Wednesday, September 06, 2006

The Border War

A CBP Blackhawk swoops down on “bad guys” near the southwest border of the U.S.Our southern border with Mexico is a drug trafficking war zone that is as out of control as the flow of illegal immigrants is. Among the streams of illegal immigrants searching for a better life, lurk dangerous, violent, and reckless criminals and vicious extortionists.

Drug lords terrorize and take over border towns and villages and gangsters trade heroin for guns. The most violent end up on the FBI’s most wanted list. Take Jorge Eduardo Costilla Sanchez, head of the Gulf Cartel, just for one example, with $5 million reward on his head. Sanchez, in addition to being accused of trafficking thousands of kilos of cocaine and marijuana into the United States annually, is wanted for capital murder.

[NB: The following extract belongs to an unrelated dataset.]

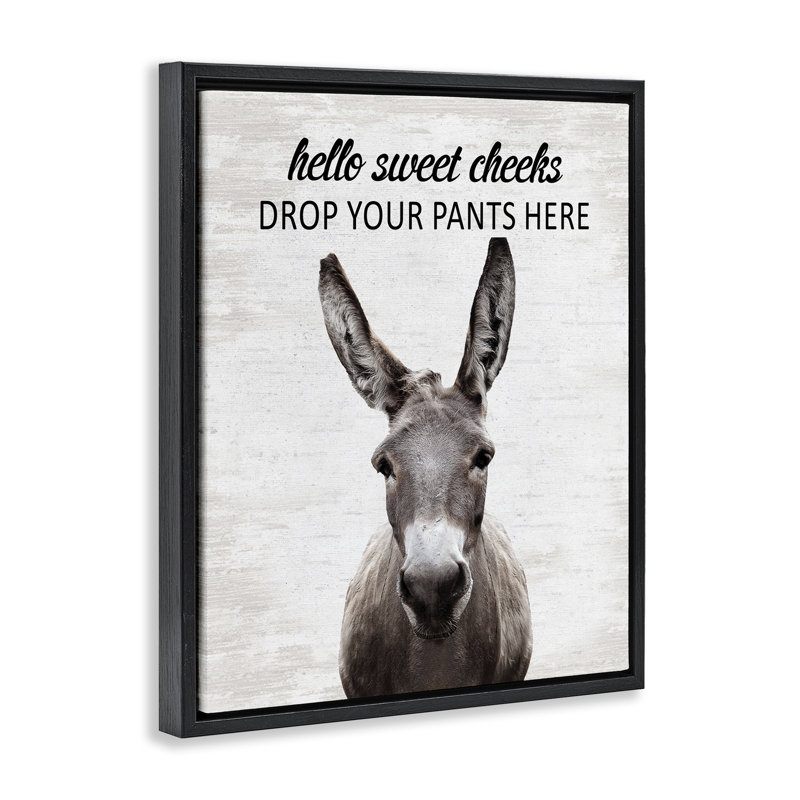 Drop Pants Here Funny Laundry Floating Frame, design by Lettered and Lined, Jet Black Floater Frame, 21" H x 17" W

Ninety percent of the cocaine that comes into the United States is smuggled across the southern border, according to official figures. That’s a lot of cocaine, considering that the U.S. consumption is the largest in the world, with 5.9 million persons aged 12 or older using cocaine in 2003. Snorting coke is not just a personal sport. It has enormous social costs. Nearly half of state and local law enforcement agencies identify cocaine (powder or crack) use in violent crimes in their areas.

Well over 90% of all of the imported marijuana comes across the Mexican border. Meth availability is on the rise, fueled primarily by increased production of both powder and ice methamphetamine in Mexico.

The immigration problem brings illegal aliens, drugs, crime, the social impact on the states, and most probably terrorists. Social ills that Washington ignores. The only line of defense currently is the Border Patrol, the Texas Rangers and the civilian Minutemen. Did I mention there's an election 2008?